:: TASK STATEMENT ::
Starting at the first line of the records below, reproduce every line up to and including the line with "Market to look", but leave out all pictures.

DATASET EXCERPTS START

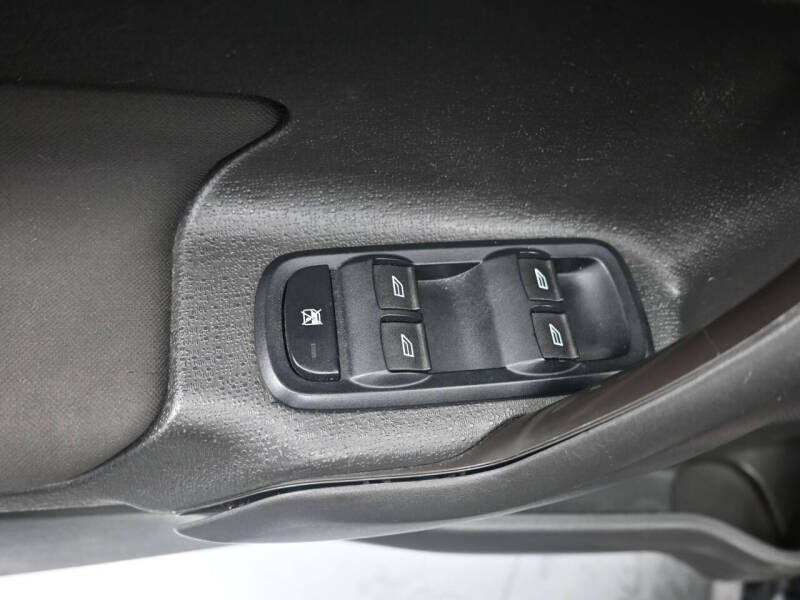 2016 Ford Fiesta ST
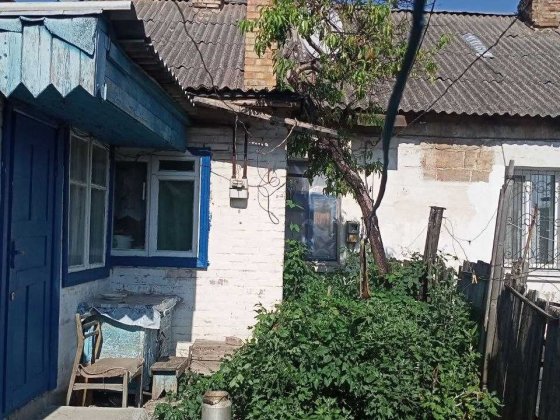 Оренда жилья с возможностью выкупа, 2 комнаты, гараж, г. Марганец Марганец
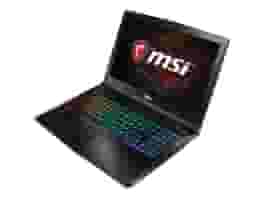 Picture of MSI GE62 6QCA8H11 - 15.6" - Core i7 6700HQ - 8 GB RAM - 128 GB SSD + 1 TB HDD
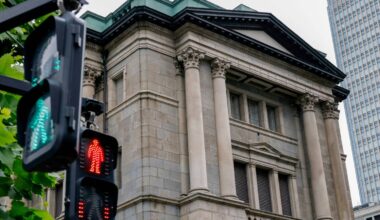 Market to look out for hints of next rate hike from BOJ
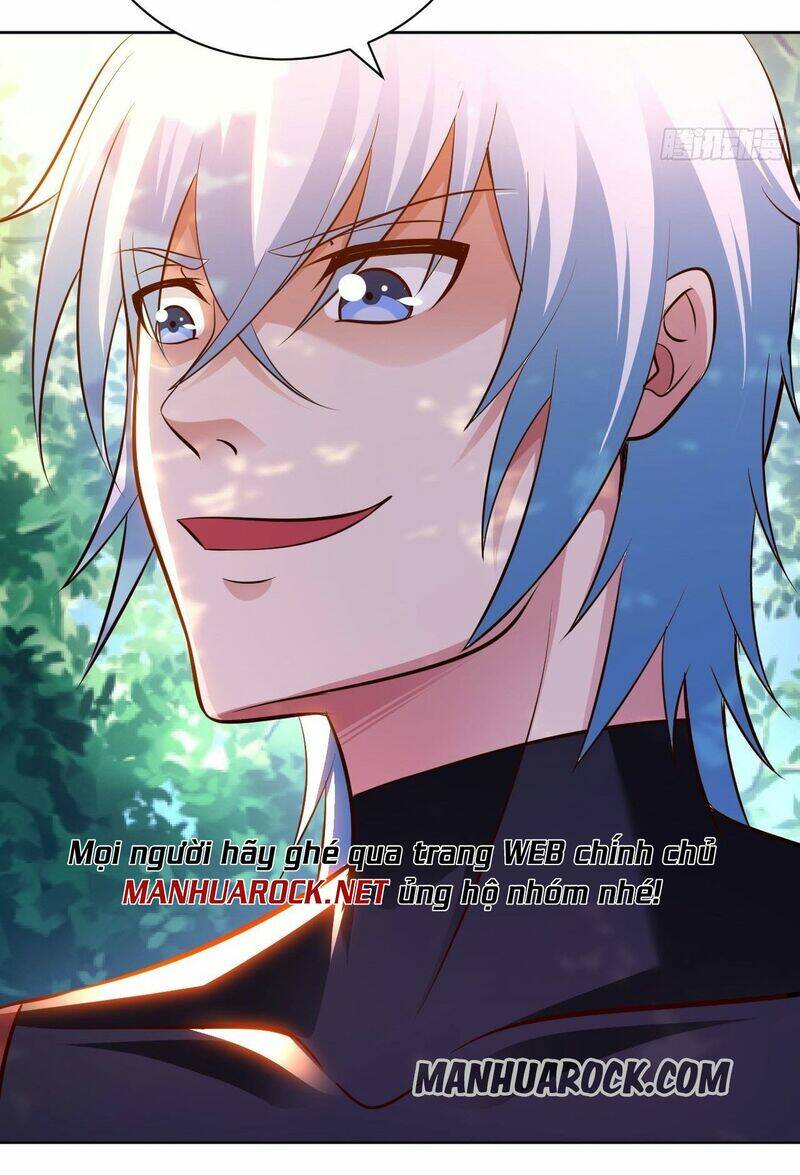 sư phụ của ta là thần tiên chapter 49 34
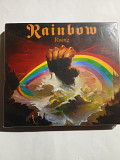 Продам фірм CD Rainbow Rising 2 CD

DATASET EXCERPTS END

:: ANSWER TO THIS TASK ::
 2016 Ford Fiesta ST
 Оренда жилья с возможностью выкупа, 2 комнаты, гараж, г. Марганец Марганец
 Picture of MSI GE62 6QCA8H11 - 15.6" - Core i7 6700HQ - 8 GB RAM - 128 GB SSD + 1 TB HDD
 Market to look out for hints of next rate hike from BOJ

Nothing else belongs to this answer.